Bisakah seseorang terlahir pintar? - Begitu sering kita mendengar tentang orang-orang yang memiliki bakat alami, yang sejak kecil menunjukkan keterampilan dan kecerdasan yang menyamai atau bahkan melebihi orang dewasa, orang-orang yang seolah-olah ditakdirkan untuk menjadi jenius, Amadeus Mozart contohnya, mengkomposisi musik sejak umur 5 tahun dan mampu menyalin keseluruhan dari komposisi suatu pertunjukan orkestra murni dari ingatan sejak dirinya masih remaja. Bobby Fischer memenangkan kejuaraan catur dunia pada usia 14 tahun dan meraih gelar grandmaster hanya setahun kemudian. Jean Francois Champollion menguasai 7 bahasa ketika dia berumur 13 tahun dan kemudian menggunakan keahliannya ini untuk memecahkan arti dari Hieroglif yang tertulis di Batu Rosetta. Kamu juga pasti pernah kenal teman di sekolah yang tampaknya dapat menguasai semua mata pelajaran dengan mudah sementara dirimu berupaya sekeras mungkin tetap tidak bisa mendekati levelnya sedikit pun. Jadi apakah benar ada orang yang memang jenius dari lahir? Apakah kepintaran kita ditentukan dari keturunan? dan apabila demikian dapatkah kerja keras merubah takdir ini? untuk menjawab semua pertanyaan tersebut, silakan simak artikel ini.
|
Bisakah Seseorang Terlahir Pintar? |
Perdebatan mengenai pengaruh faktor genetik dan faktor lingkungan terhadap kepribadian seseorang lebih dikenal dengan perdebatan Nature vs Nurture. Apakah segala hal dalam diri kita, dari aspek fisik hingga psikologis sudah ada di dalam DNA kita masing-masing? atau apakah kita seperti bongkahan tanah liat yang harus dibentuk oleh lingkungan dan pengalaman kita masing-masing? selama ini terdapat 1 cara jitu untuk menjawab pertanyaan tersebut yaitu dengan mempelajari saudara kembar identik, lebih tepatnya saudara identik yang terpisah dari lahir.

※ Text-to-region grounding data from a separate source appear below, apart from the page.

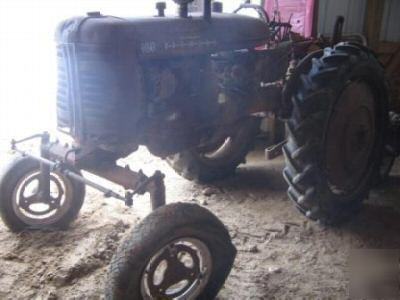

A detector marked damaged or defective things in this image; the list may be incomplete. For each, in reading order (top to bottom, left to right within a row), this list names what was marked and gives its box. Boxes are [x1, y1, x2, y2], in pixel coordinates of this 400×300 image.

detached wheel [0, 155, 85, 232]
detached wheel [166, 118, 258, 182]
detached wheel [282, 42, 390, 225]
detached wheel [106, 203, 238, 298]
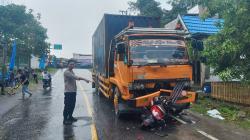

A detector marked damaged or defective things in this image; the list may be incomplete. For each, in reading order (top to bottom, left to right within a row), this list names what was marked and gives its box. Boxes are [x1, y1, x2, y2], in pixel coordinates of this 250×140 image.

damaged truck front [92, 13, 195, 117]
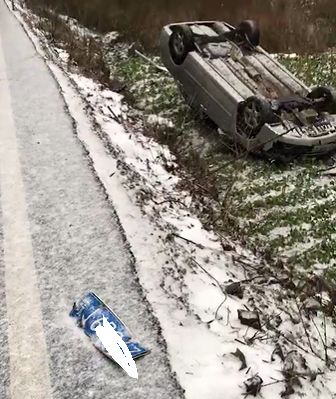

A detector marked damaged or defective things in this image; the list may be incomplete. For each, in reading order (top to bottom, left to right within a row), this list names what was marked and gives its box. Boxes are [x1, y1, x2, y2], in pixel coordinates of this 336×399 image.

overturned silver car [159, 20, 336, 155]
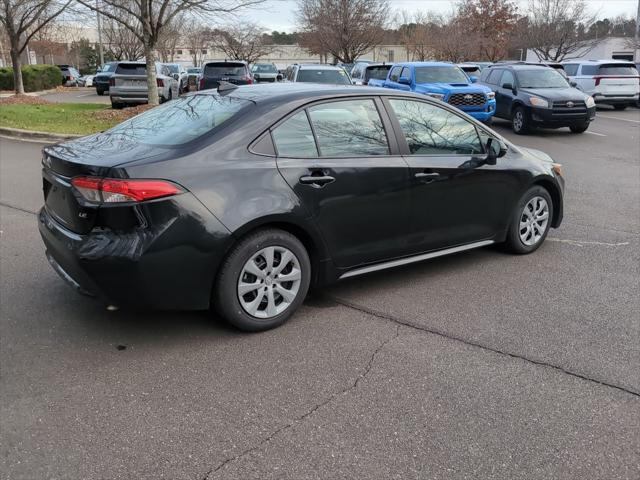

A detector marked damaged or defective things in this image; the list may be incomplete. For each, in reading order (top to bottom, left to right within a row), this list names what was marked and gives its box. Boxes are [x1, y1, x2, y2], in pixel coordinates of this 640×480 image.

crack in asphalt [201, 324, 400, 478]
cracked pavement [1, 107, 640, 478]
crack in asphalt [330, 294, 640, 400]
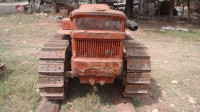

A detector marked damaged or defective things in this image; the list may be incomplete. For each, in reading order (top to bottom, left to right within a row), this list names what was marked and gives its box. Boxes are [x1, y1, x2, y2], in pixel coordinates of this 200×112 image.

rusted metal surface [37, 34, 69, 100]
rusty orange tractor [37, 3, 151, 99]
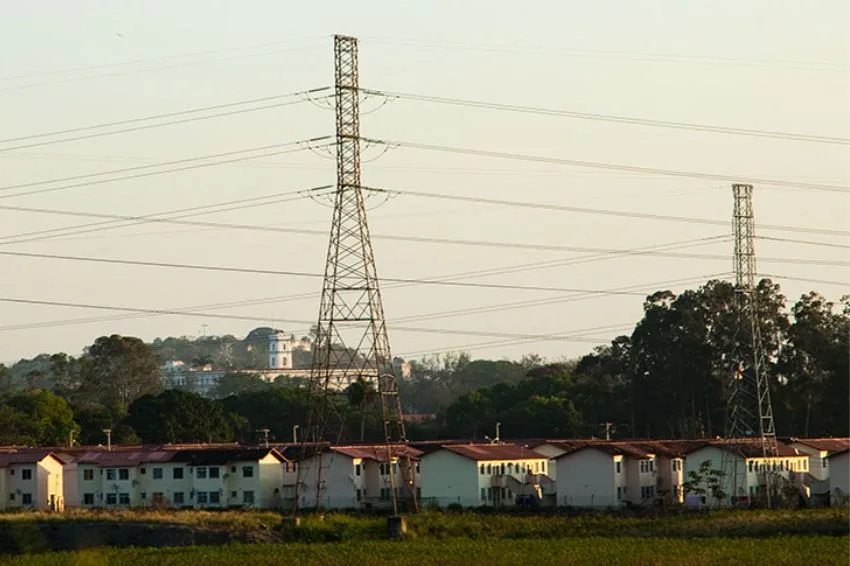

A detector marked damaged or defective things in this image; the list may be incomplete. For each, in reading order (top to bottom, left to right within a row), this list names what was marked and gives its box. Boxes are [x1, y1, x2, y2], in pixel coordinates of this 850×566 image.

rust-stained roof [332, 446, 422, 464]
rust-stained roof [438, 446, 544, 464]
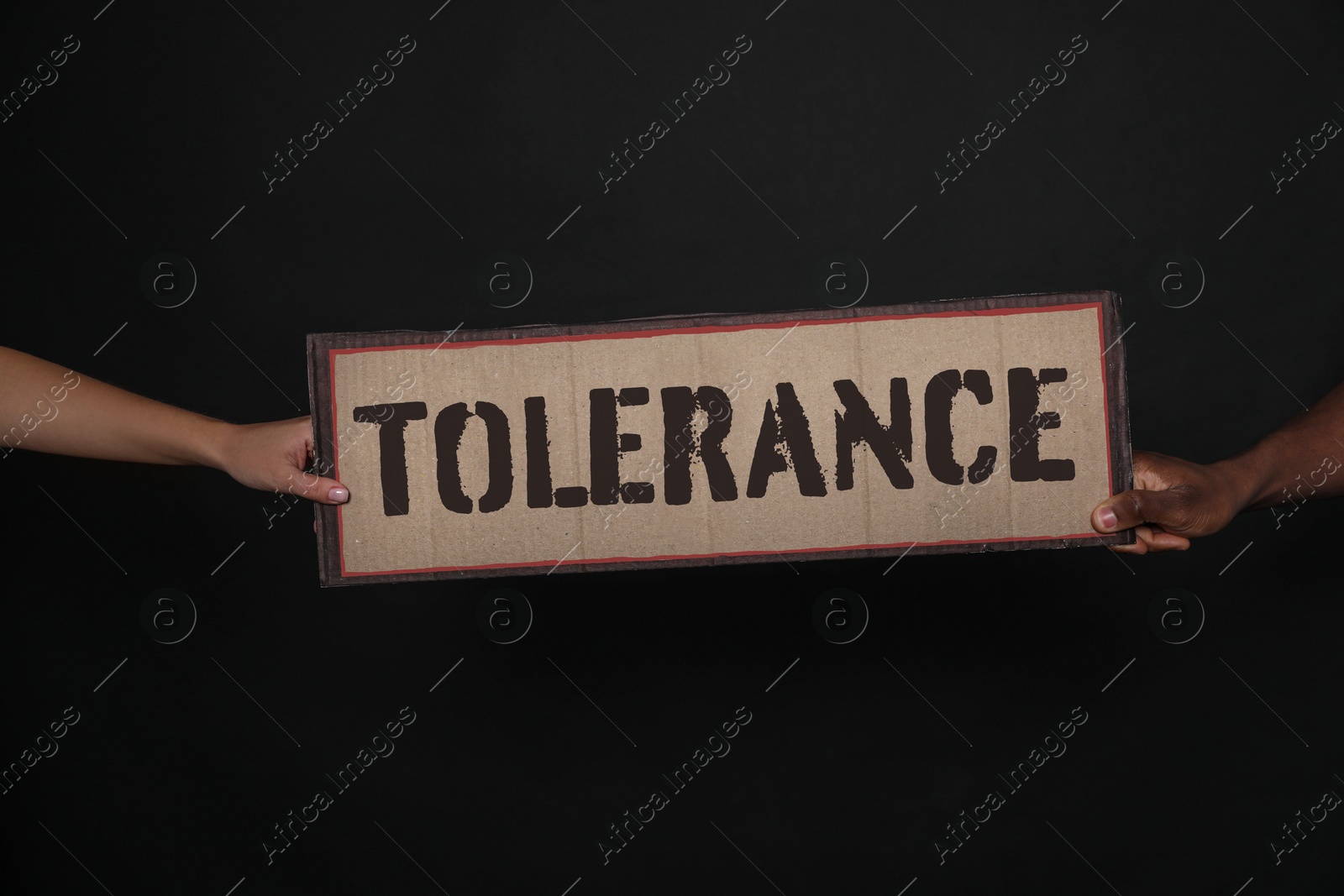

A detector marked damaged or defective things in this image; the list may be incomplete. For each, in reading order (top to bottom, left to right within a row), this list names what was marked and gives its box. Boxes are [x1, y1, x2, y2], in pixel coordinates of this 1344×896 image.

torn cardboard corner [307, 288, 1134, 588]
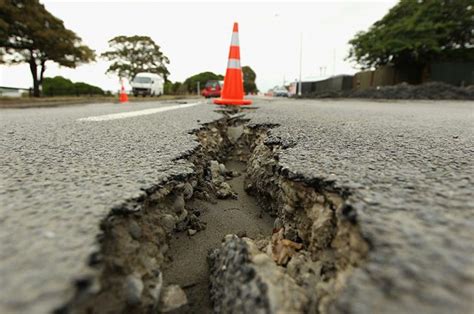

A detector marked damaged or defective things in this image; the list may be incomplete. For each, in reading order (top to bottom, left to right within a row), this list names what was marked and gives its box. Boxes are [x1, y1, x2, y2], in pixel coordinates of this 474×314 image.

deep road fissure [65, 111, 370, 314]
damaged road surface [0, 98, 472, 314]
cracked asphalt [0, 98, 474, 314]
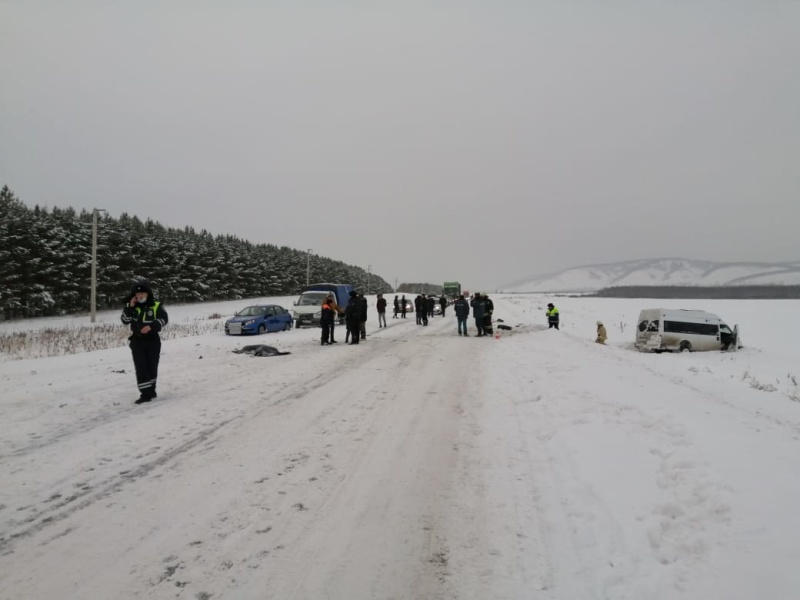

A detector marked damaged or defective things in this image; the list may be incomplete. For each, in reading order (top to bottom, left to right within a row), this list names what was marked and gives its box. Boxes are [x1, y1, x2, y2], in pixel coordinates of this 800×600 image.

crashed vehicle [636, 310, 740, 352]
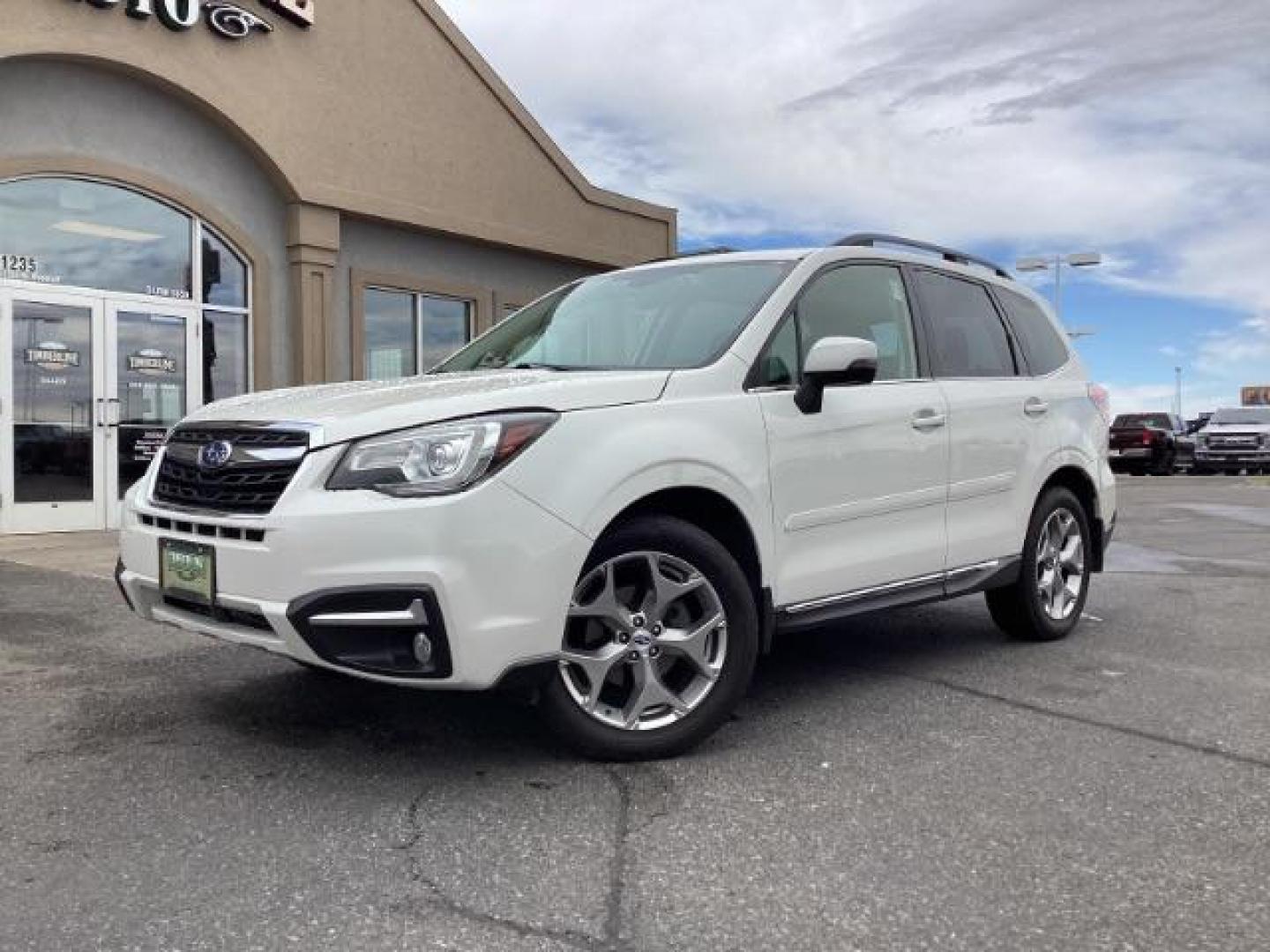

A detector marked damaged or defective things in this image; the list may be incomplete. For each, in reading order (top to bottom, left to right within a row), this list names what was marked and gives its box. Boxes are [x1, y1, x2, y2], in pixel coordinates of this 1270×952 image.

crack in pavement [868, 670, 1270, 777]
crack in pavement [393, 766, 645, 952]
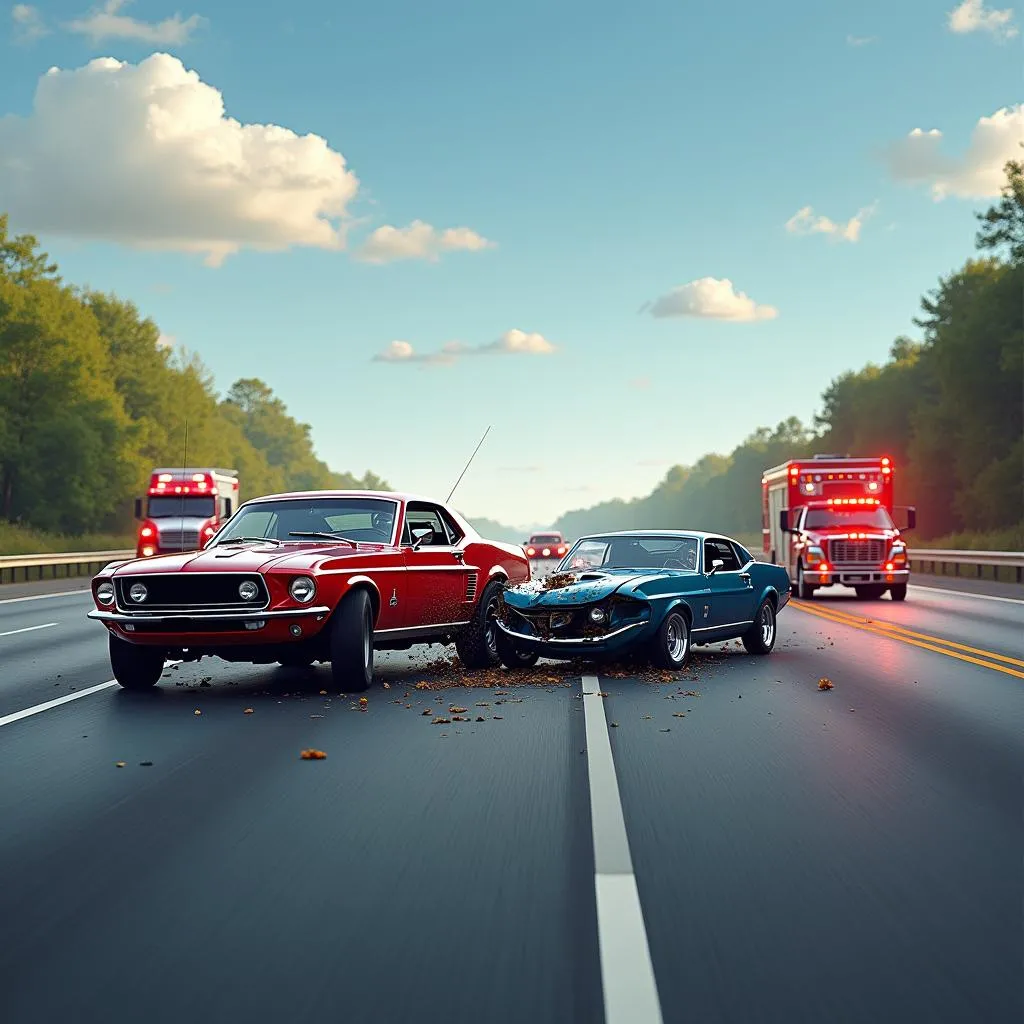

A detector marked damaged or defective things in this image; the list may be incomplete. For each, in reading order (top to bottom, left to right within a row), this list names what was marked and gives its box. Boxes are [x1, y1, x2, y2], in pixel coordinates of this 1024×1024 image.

damaged hood [111, 540, 395, 581]
damaged hood [501, 569, 696, 606]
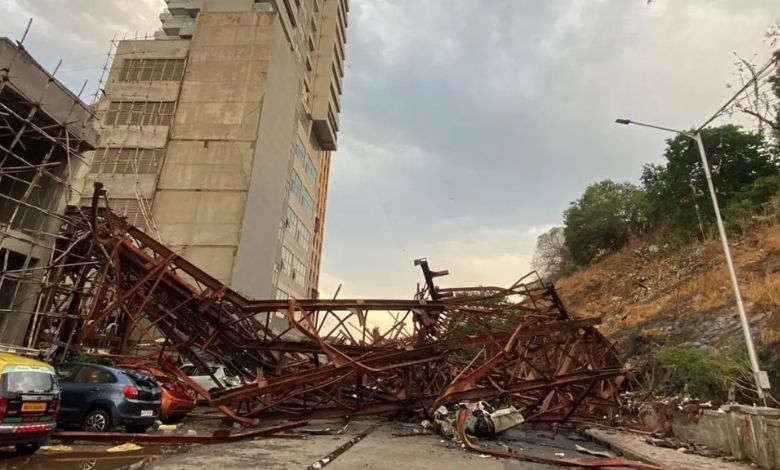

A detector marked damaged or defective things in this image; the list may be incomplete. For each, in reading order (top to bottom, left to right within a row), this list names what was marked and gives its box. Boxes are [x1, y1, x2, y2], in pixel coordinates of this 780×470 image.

rusty steel truss [24, 185, 632, 426]
rusted metal girder [27, 188, 632, 426]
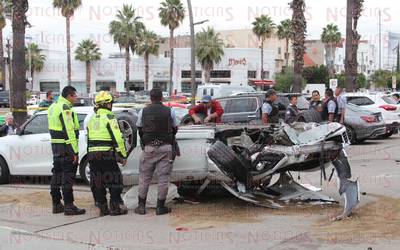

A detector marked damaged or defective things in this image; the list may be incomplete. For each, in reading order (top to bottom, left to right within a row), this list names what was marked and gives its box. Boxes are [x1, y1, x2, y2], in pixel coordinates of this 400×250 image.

exposed truck wheel [208, 142, 248, 185]
wrecked white pickup truck [122, 121, 360, 219]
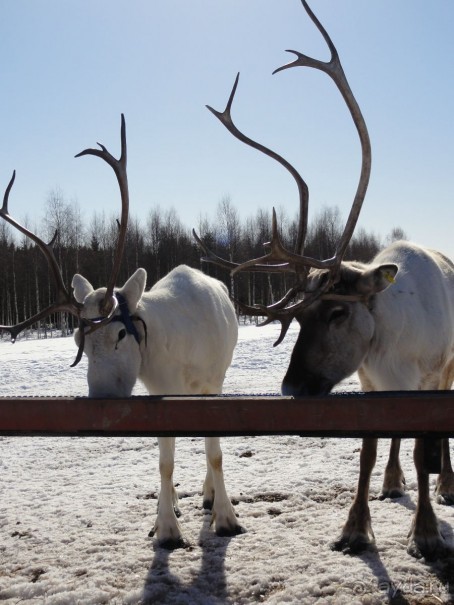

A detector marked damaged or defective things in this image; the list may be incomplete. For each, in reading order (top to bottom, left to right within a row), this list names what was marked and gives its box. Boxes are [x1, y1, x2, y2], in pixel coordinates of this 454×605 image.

rusty metal rail [0, 390, 452, 436]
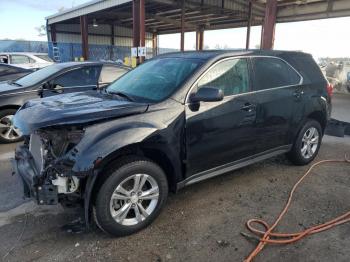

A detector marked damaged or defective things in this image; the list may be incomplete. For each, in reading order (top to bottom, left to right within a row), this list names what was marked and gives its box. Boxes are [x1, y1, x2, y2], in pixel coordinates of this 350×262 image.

crumpled hood [14, 90, 148, 135]
damaged front bumper [11, 145, 58, 205]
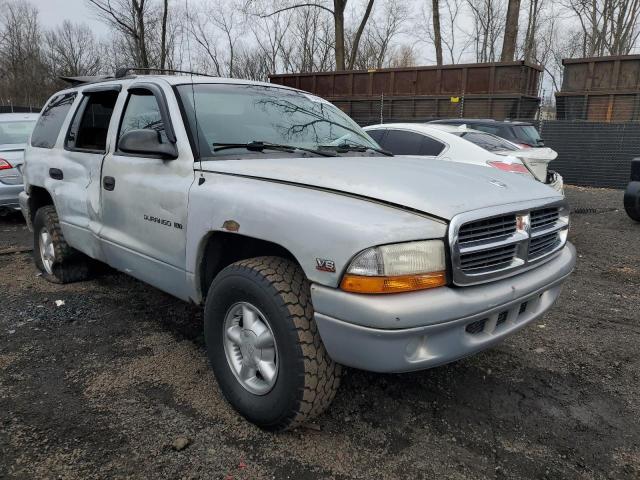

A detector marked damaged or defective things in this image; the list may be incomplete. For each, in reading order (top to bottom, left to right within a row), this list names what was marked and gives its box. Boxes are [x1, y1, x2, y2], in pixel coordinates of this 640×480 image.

rusty shipping container [268, 61, 544, 124]
rusty shipping container [556, 55, 640, 122]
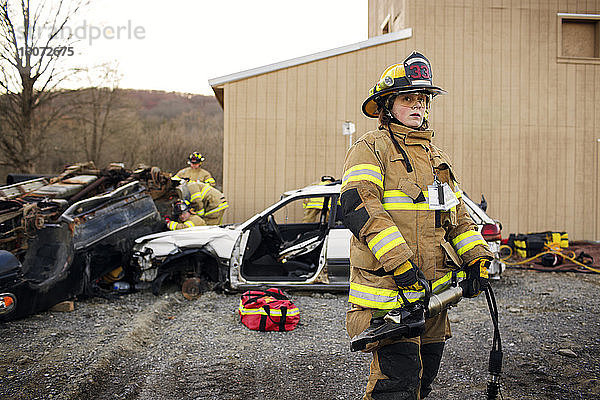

Tetapi mengapa demikian? karena sudara identik memiliki DNA yang 100% sama, sehingga satu-satunya variabel yang menentukan kepribadiannya adalah lingkungan. Oleh karena itu, apabila dua saudara kembar yang tumbuh besar di lingkungan yang jauh berbeda memiliki kepribadian yang sama dapat disimpulkan bahwa faktor genetiklah yang memiliki pengaruh lebih besar terhadap kepribadian.
Teori ini mendapatkan perhatian besar pada tahun 1979, di mana saudara kembar identik Jim Lewis dan Jim Springer bertemu untuk pertama kalinya setelah hidup terpisah selama 39 tahun. Meskipun mereka tidak pernah bertemu satu sama lain, secara kepribadian mereka seolah-olah adalah orang sama.
Seperti contoh, ketika mereka masih kecil, mereka berlibur di pantai yang sama dan memiliki anjing yang sama-sama mereka namakan Toy. Ketika dewasa, mereka menikah dengan seorang wanita bernama Linda dan kemudian cerai, dan menikah lagi hal ini dengan wanita bernama Betty. Anak mereka berdua diberi nama James Alan dan selain itu pekerjaan, hobi, dan bahkan merek rokok dan bir yang mereka sukai semua sama.
Kasus ini memukau banyak orang dan mendorong inisiatif penelitian skala besar yang bertujuan untuk mempelajari saudara kembar yang tumbuh secara terpisah. Selama dua dekade penelitian yang dinamakan “The Minnesota Study of Twins Reared Apart” ini telah meneliti lebih dari 100 pasang saudara kembar, dan mereka menemukan sesuatu yang menarik mengenai faktor gen dalam tingkat kecerdasan manusia. Minnesota Study menemukan bahwa heritabilitas atau daya waris dari IQ sebesar 70% dengan beberapa penelitian lain menunjukkan bahwa kisaran heritabilitas sekitar 57 sampai 73%.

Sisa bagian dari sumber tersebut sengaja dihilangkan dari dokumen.